Jamaican Chopped Chicken Salad | Real Food with Dana

There is literally nothing worse than when someone eats your leftovers. Okay, maybe traumatic life events. But we’re talking about FOOD right now, people.

It was not a pleasant morning in our household. Let’s just say my brother was lucky he wasn’t around that morning or I may have punched him in the face. Well, probably not because I’m not that aggressive of a person, but I would’ve come up with something to get him back. When we were younger I used to just sit on him whenever I got mad at him. But now he’s much bigger than me so that wouldn’t really work anymore. Whomp whomp.

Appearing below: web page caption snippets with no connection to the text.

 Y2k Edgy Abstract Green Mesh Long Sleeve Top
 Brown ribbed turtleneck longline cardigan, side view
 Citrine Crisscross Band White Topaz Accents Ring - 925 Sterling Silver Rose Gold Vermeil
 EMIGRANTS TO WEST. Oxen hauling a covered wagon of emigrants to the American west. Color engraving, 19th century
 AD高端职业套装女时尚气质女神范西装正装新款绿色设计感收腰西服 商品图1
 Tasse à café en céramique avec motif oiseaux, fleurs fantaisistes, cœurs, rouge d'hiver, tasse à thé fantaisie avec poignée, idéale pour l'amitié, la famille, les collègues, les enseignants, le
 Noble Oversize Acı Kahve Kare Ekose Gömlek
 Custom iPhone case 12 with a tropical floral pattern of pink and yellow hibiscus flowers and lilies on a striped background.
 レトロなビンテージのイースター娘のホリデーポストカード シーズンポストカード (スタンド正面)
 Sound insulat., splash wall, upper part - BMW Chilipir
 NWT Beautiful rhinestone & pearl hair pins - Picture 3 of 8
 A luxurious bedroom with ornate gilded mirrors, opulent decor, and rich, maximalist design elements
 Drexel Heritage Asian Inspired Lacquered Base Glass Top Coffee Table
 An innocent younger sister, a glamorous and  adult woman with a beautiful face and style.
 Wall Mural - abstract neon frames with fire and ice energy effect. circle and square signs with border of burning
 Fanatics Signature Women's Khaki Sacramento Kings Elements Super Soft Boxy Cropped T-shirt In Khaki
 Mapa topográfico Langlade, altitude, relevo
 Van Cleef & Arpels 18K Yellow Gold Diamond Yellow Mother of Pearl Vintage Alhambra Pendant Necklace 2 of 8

You know what I mean though?? Literally the worst. Especially when you spend a good amount of time making that meal, between all the chopping, dicing, cooking, spicing it up, etc. And actually taking the time to make enough for a leftovers meal, for the sole purpose of YOU being able to eat them the next day for lunch. Because YOU did all the cooking. Little brother, are you listening?! Now, look. If you share a place with someone, and they’re going to eat your leftovers, they better be doing some of the cooking too. That is totally fine. You cook and I cook? Sure, we can share if we both make big enough batches of food. But if I’m the only one cooking and you don’t ask if you can eat up my leftovers, specifically when they look like they are packaged up from a restaurant and would make a perfect meal the next day? DO. NOT. EAT. THEM.

Let’s just say, for the purpose of my point, you have some leftovers from Chipotle. First off, I don’t know why you would do that unless you got a burrito bowl the size of a small child, but regardless. Imagine you put said leftovers in the fridge at work, and were going to eat them for dinner that night or something. Then one of your coworkers comes along, thinks to themselves, “oohh, chipotle! This looks great. I’m going to eat it!” (First of all, WHY would you think that is a good idea?! Anyway.) Then you come back to the fridge later, all excited to eat your delicious burrito bowl, only to find the fridge burrito bowl-less. How PISSED would you be?! Just saying. Now you understand. This annoyance is multiplied tenfold when you actually made the food yourself too.

Like when I specifically make a giant batch of my Jamaican Jerk Chicken Kabobs, just for the purpose of making this bomb (amazing) salad.

That recipe makes a boatload of chicken and veggies. On purpose, so you have leftovers! Um, hello. If you’re going to make the effort to combine all those (delicious) ingredients, marinate the chicken, and grill it all up, you may as well make a big batch so you have leftovers. That’s one of my #1 tips to clients and newer cooks / those who are trying to meal prep – if you’re already cooking, you may as well make a double batch! It’s doesn’t take that much more prep time (if any at all), and you have double the food. No brainer! That’s at least one night this week (or a bunch of lunches) you don’t have to spend cooking. For the freaking win. Except if someone eats the leftovers without you knowing…so just hoard them somewhere. Put caution tape around them. I don’t care what you do, just make sure you save some of those kabobs for this salad. 

Jamaican Chopped Chicken Salad | Real Food with Dana

Jamaican Chicken Chopped Salad
 
Prep time
Cook time
Total time
 
Dana:
Serves: 4 servings
Ingredients
  • 4-6 skewers from Jamaican Jerk Chicken Kabobs
  • 8 cups your favorite lettuce (I used spinach + romaine)
  • 1 avocado, sliced
  • 1 champagne (yellow mango), diced
For the dressing
  • ¼ cup cilantro
  • ¼ cup mayonnaise
  • 1 Tbsp sriracha
  • 1 Tbsp lime juice
  • Garlic?
  • Water, to thin out as needed
Directions
  1. Chop up and heat up the leftover chicken, peppers, and pineapple from the kabobs in a medium sized skillet over medium heat. Stir lightly with a spatula or wooden spoon, so as to not mush up the fruit and peppers. This should take about 5-6 minutes.
  2. Meanwhile combine the ingredients for the dressing in a food processor until blended. Taste to adjust salt and pepper. Add a little water if you’d like a thinner dressing, about 1 Tbsp at a time.
  3. Make the salads: divide the lettuce among four bowls, then top with the kabob leftovers. Add diced mango and avocado to each bowl, then top with your desired amount of dressing.
  4. Devour! And be thankful no one ate your leftovers so you can enjoy this delicious salad.